Salah satu penyakit yang paling sering di misdiagnosa baik oleh dokter (tidak cuma di Indonesia tetapi juga di Singapura, Malaysia dan Amerika) adalah Myofascial Pain Syndrome. Di Amerika (karena data di Indonesia belum ada), diagnose Myofascial Pain Syndrome ditemukan hampir 75% di klinik nyeri dan biasanya pasien harus menemui empat dokter spesialis untuk keluhan tersebut. (Anonim, 2008. http://www.kliniknyeriintegratif.blogspot.com/ )
Sebelum kita membahas lebih lanjut tentang Myofascial Pain Syndrome, ada baiknya kita terlebih dahulu mengenal tentang nyeri, fisiologi nyeri dan respon fisik terhadap nyeri.
B. NYERI
1. Pengertian Nyeri
Menurut International Association for The Study of Pain (1979), nyeri adalah pengalaman sensorik dan emosional yang tidak nyaman, yang berkaitan dengan kerusakan jaringan atau berpotensi terjadi kerusakan jaringan atau menggambarkan adanya kerusakan jaringan. Sedangkan menurut Kozier dan Erb (1983), nyeri adalah sensasi ketidaknyamanan yang dimanifestasikan sebagai penderitaan yang diakibatkan oleh persepsi jiwa yang nyata, ancaman dan fantasi luka. Dengan demikian didapat suatu pengertian bahwa nyeri adalah perasaan majemuk yang bersifat subyektif, yang disertai perasaan tidak enak, rasa tertekan, pegal, ngilu dan sebagainya.
2. Fisiologi Nyeri
Adanya stimulasi atau trauma baik dari dalam maupun dari luar system neuromuscular dapat mengakibatkan terangsangnya nosiseptor pada saraf perifer diatas nilai ambang rangsang yang diteruskan ke korteks serebri kemudian diterjemahkan ke dalam bentuk nyeri dengan bentuk dan kualitas rangsangan yang berbeda. Nosiseptor atau reseptor nyeri adalah organ tubuh yang berfungsi untuk menerima rangsang nyeri. Berdasarkan letaknya nosiseptor dibedakan menjadi tiga macam yaitu nosiseptor kutaneus (pada kulit), nosiseptor somatic dalam dan nosiseptor visceral.
a.
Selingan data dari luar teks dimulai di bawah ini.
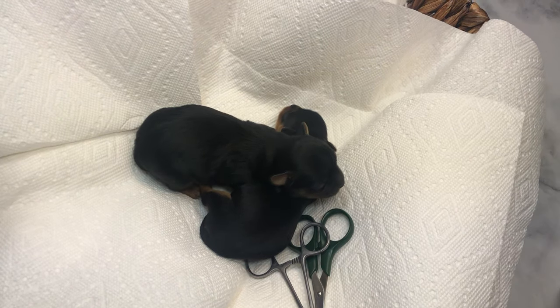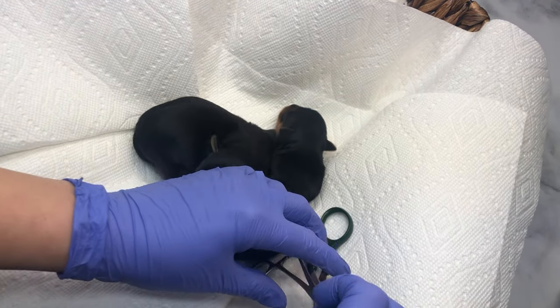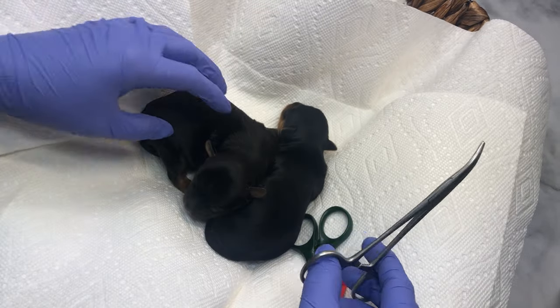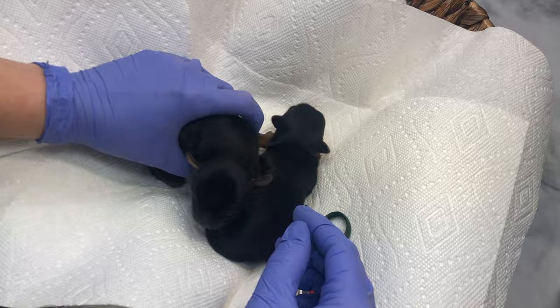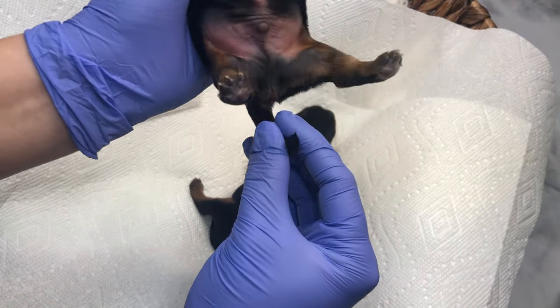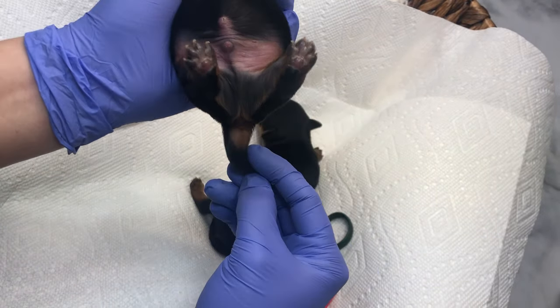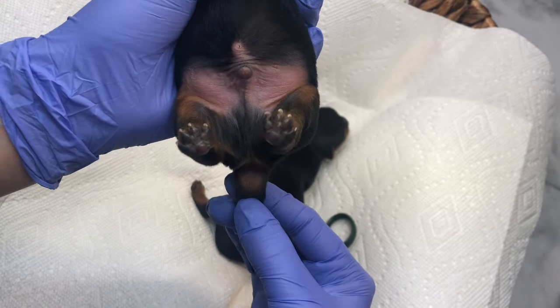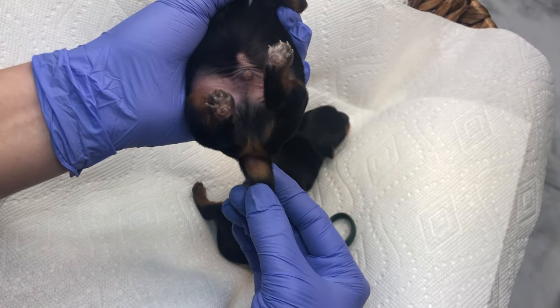The first method you can use to dock the tails is just using a clamp. How you decide where you're going to clamp — the standard for the Yorkshire Terrier is right where the tan spot ends. So you're going to clamp right there.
Nosiseptor
Nosiseptor kutaneus berasal dari kulit dan subkutan. Nyeri yang berasal dari daerah ini biasanya mudah untuk dilokalisasi dan didefinisikan. Reseptor jaringan kulit terbagi menjadi dua komponen, yaitu :

1). Serabut A delta
Merupakan serabut komponen cepat (kecepatan transmisi 6 – 30 m/det) yang memungkinkan timbulnya nyeri tajam, yang akan cepat hilang apabila penyebab nyeri dihilangkan.
2). Serabit C
Merupakan serabut komponen lambat (kecepatan transmisi 0,5 – 2 m/det) yang terdapat di daerah yang lebih dalam, nyeri biasanya bersifat tumpul dan sulit dilokalisasi.
Nosiseptor somatic meliputi nosiseptor yang berada pada tulang, pembuluh darah, saraf, otot dan jaringan penyangga lainnya. Karena struktur reseptornya kompleks maka nyeri yang ditimbulkan merupakan nyeri tumpul dan sukar dilokalisasi.
Nosiseptor visceral meliputi nosiseptor pada organ-organ visceral seperti jantung, hati, ginjal, usus, dan sebagainya. Nyeri yang ditimbulkan biasanya terus menerus (difus). Nyeri ini biasanya tidak sensitive terhadap pemotongan organ tetapi sangat sensitif terhadap penekanan, inflamasi dan ischemic. Nyeri visceral dapat menyebabkan terjadinya nyeri rujukan (reffered pain) yaitu nyeri yang timbul pada daerah yang jauh/berbeda dari organ asal stimulus nyeri tersebut.
b. Transmisi Nyeri
Dalam proses transmisi nyeri terdapat berbagai macam teori. Teori yang paling banyak digunakan dan cukup menjelaskan tentang mekanisme terjadinya nyeri adalah teori yang dikemukakan oleh Melzack & Wall (1959) yang lebih dikenal dengan Gate Control Theory.
Secara umum, antara kerusakan jaringan sebagai sumber stimulasi nyeri sampai dirasakan sebagai persepsi nyeri terdapat suatu rangkaian proses elektrofisiologi yang secara kolektif disebut nociception. Ada empat proses yang terjadi pada suatu nociception yaitu :
1) Proses tranduksi (transduction), merupakan proses dimana suatu stimulasi nyeri diubah menjadi aktifitas listrik yang akan diterima oleh ujung-ujung saraf (nerve ending). Stimulus ini dapat berupa stimulasi fisik mekanis (tekanan), termal (panas, dingin), kimiawi (substansi nyeri).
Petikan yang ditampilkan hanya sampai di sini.